Goodyear Tire & Rubber Co. will hold its annual shareholders meeting in Akron, Ohio, on Monday, April 2. Shareholders will vote on new board members and two resolutions, one requesting a change in the way members on the Board of Directors are elected.

According to a recent filing with the Securities and Exchange Commission, the specific agenda at Goodyear's shareholders' meeting is as follows:

1. To elect four directors. Three will serve as Class II directors, each for a term of three years; one will serve as a Class I director for a one-year term.

Robert J. Keegan, Goodyear's COO and president; John G. Breen, former chairman of the Sherwin-Williams Co.; and and Edward T. Fogarty, former chairman, CEO and president of Tambrands Inc., are the Class II nominees. William E. Butler, formerly chairman and CEO of Eaton Corp., is the Class I nominee.

All the nominees on the ballot were selected by Goodyear's Board of Directors, as recommended by the Nominating and Board Governance Committee.

Goodyear CEO Sam Gibara is chairman of the board. His Class I term expires in 2002.

2. To consider and vote upon a shareholder proposal asking for changes in the way Goodyear elects its board members. The resolution requests that the Board takes "the necessary steps to declassify the Board of Directors and establish annual elections of directors, whereby directors would be elected annually and not by classes. This policy would take effect immediately, and be applicable to the re-election of any incumbent director whose term, under the current classified system, subsequently expires."
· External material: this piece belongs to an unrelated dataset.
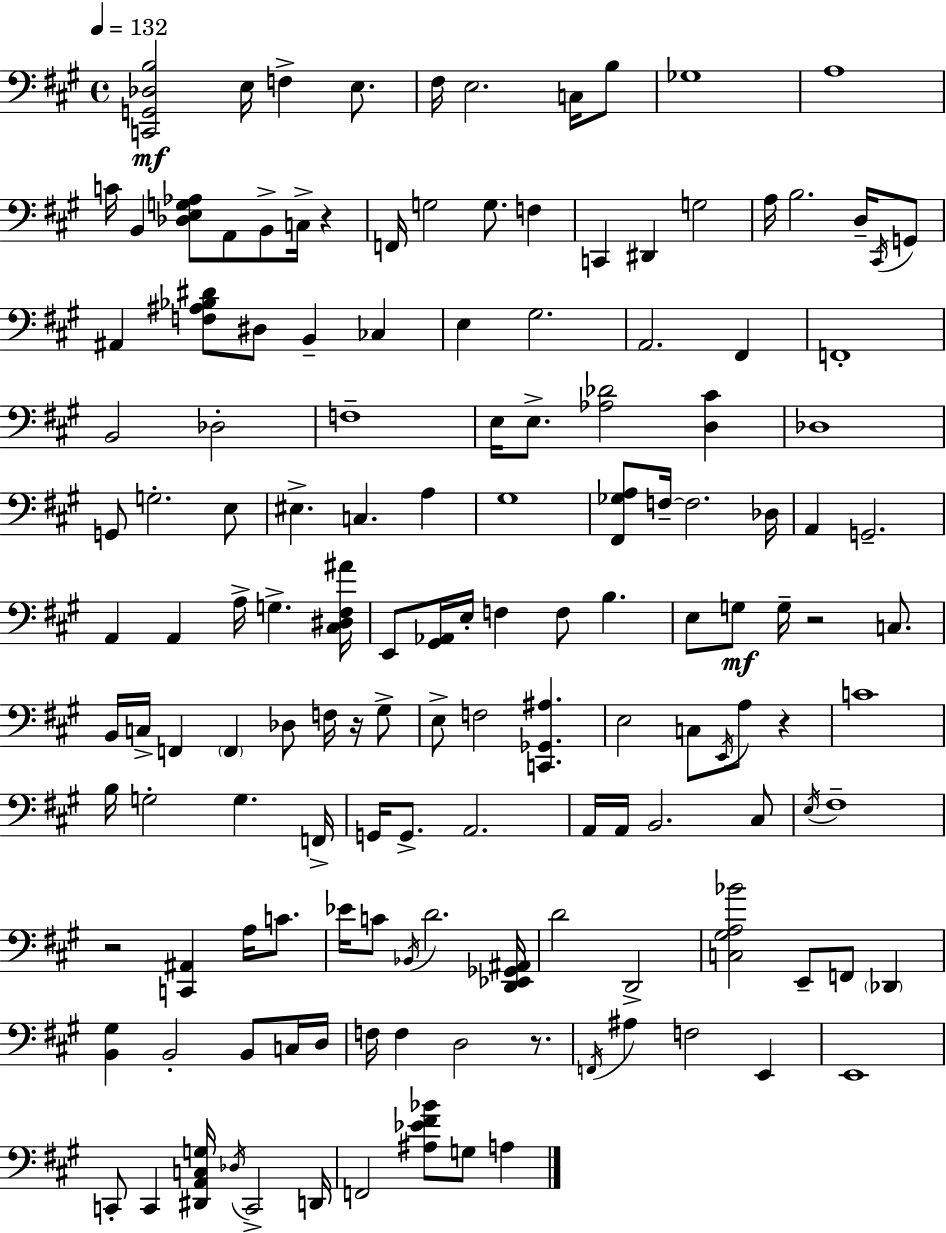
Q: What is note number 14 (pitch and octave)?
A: C3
A statement supporting the resolution states directors should be accountable to shareholders on an annual basis. "Since only one-third of the Board of Directors is elected annually, we believe that classified boards could frustrate, to the detriment of long-term shareholder interest, the efforts of a bidder to acquire control or a challenger to engage successfully in a proxy contest."

The Board opposes the resolution. "The election of directors by classes assures that approximately two-thirds of the Board will at all times have prior experience with and knowledge of the company.... an abrupt change in the Board of Directors could disrupt the company in achieving its long-term strategic goals."
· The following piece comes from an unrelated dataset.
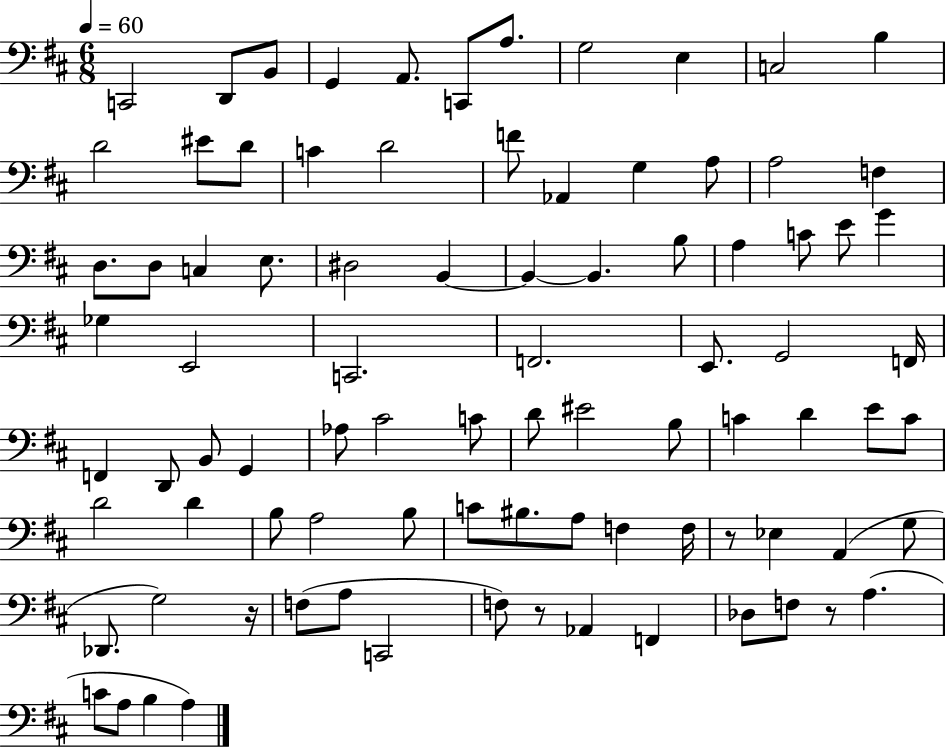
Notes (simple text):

C2/h D2/e B2/e G2/q A2/e. C2/e A3/e. G3/h E3/q C3/h B3/q D4/h EIS4/e D4/e C4/q D4/h F4/e Ab2/q G3/q A3/e A3/h F3/q D3/e. D3/e C3/q E3/e. D#3/h B2/q B2/q B2/q. B3/e A3/q C4/e E4/e G4/q Gb3/q E2/h C2/h. F2/h. E2/e. G2/h F2/s F2/q D2/e B2/e G2/q Ab3/e C#4/h C4/e D4/e EIS4/h B3/e C4/q D4/q E4/e C4/e D4/h D4/q B3/e A3/h B3/e C4/e BIS3/e. A3/e F3/q F3/s R/e Eb3/q A2/q G3/e Db2/e. G3/h R/s F3/e A3/e C2/h F3/e R/e Ab2/q F2/q Db3/e F3/e R/e A3/q. C4/e A3/e B3/q A3/q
The Board also believes a classifed board "reduces the vulnerability of the company... to certain potentially abusive takeover tactics...."

Only holders of record of Goodyear common stock as of February 15, 2001, will be entitled to vote at the annual meeting.

3. To consider and vote upon a proposal to ratify the appointment of PricewaterhouseCoopers LLP (PwC) as independent accountants for Goodyear in 2001. PwC served as the company's independent accountants last year. Goodyear paid PwC $14.5 million in 2000 for various services rendered.